_Exercise aim:_ Only the lines below between the ones containing "Power Tube Bender" and "HouseinBox Office File", inclusive, are to be reproduced, each exactly as it stands.

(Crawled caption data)
=-=-=-=-=

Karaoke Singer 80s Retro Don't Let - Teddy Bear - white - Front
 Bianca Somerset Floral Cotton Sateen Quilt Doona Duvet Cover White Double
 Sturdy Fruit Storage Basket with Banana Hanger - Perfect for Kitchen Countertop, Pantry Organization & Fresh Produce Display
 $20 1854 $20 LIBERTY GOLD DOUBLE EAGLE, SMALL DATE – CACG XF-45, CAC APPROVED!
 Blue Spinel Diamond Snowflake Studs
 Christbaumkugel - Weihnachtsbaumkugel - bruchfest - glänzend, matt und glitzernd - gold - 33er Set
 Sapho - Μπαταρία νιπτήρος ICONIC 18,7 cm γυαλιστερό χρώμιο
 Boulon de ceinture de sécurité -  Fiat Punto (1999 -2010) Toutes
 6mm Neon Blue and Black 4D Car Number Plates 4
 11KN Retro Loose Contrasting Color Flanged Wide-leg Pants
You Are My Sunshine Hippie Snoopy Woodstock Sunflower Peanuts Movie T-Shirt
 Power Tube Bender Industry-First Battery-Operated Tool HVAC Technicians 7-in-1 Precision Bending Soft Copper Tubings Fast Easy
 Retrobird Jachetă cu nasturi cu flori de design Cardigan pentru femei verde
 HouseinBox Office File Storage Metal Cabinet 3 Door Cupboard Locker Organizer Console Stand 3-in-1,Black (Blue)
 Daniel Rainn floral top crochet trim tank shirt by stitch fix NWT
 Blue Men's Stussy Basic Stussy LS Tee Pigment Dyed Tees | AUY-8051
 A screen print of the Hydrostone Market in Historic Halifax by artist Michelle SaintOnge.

=-=-=-=-=

_Answer space:_
 Power Tube Bender Industry-First Battery-Operated Tool HVAC Technicians 7-in-1 Precision Bending Soft Copper Tubings Fast Easy
 Retrobird Jachetă cu nasturi cu flori de design Cardigan pentru femei verde
 HouseinBox Office File Storage Metal Cabinet 3 Door Cupboard Locker Organizer Console Stand 3-in-1,Black (Blue)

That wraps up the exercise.